A Confederação Européia de Sindicatos (CES) emitiu nota dizendo temer que os dispositivos possam ferir direitos humanos fundamentais e qualificou de "inaceitáveis" os períodos de detenção estabelecidos, a proibição de retorno ao bloco e a possibilidade de deportação a países que não o de origem. A Anistia Internacional se disse "profundamente decepcionada" com a falta de segurança e de dignidade a que imigrantes estarão sujeitos.

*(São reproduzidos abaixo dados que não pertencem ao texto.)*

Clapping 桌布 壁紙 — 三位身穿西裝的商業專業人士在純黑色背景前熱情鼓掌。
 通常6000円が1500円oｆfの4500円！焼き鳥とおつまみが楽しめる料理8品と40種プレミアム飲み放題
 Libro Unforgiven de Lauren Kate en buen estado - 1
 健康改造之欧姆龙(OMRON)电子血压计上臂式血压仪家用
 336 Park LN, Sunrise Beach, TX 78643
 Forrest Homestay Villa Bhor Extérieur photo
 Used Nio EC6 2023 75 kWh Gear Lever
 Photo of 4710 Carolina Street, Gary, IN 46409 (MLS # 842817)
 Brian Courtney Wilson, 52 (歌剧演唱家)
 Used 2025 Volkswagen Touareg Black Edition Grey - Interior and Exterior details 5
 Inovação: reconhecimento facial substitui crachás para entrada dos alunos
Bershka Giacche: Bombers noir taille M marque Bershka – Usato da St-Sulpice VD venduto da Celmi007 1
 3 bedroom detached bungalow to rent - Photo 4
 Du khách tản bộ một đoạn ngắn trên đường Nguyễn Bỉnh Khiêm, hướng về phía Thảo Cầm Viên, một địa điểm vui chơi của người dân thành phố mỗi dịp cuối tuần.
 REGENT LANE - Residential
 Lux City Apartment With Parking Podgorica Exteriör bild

Brasileiros deixam de ir ao cinema e evitam sair na rua

No Brasil, o Ministério das Relações Exteriores lamentou a decisão "que contribui para criar percepção negativa da migração e vai no sentido contrário ao de uma desejada redução de entraves à livre circulação de pessoas e de um mais amplo e pleno convívio entre os povos".

O medo de uma possível expulsão fez com que alguns brasileiros mudassem sua rotina em grandes cidades européias.

A carioca de 29 anos Fernanda, que preferiu não revelar o sobrenome, mora há dois anos ilegalmente em Barcelona, onde já trabalhou como garçonete e divulgadora de eventos. Agora sai pouco de casa, evita transportes públicos e passa os fins de semana na casa do namorado, temendo ser descoberta pela polícia, assim como foram dois de seus amigos brasileiros.

- Eu me sinto mais tranqüila porque estou fazendo os tramites para casar e ficar legal, mas acho que vai mudar muita coisa. Já estou até vendo mais policiais nas ruas. Vai ficar mais difícil até entrar aqui na Europa

Em Portugal, o operário paulista de 36 anos Esrael aguarda a cidadania italiana. Ele deixou de ir ao cinema e de praticar esportes para não se expor.

A precaução, no entanto, não evitou que ele recebesse, há 20 dias, uma carta de expulsão por estar em situação irregular. O prazo para a saída do país já venceu e agora ele conta com uma brecha da lei para não ser mandado de volta ao Brasil: começou a contribuir com a seguridade social portuguesa.

- Deixo de fazer muita coisa. Minha vida é casa, trabalho, trabalho, casa. E só vou ao mercado perto de casa - diz. - Enquanto não consigo o visto ou a cidadania, vou enrolando.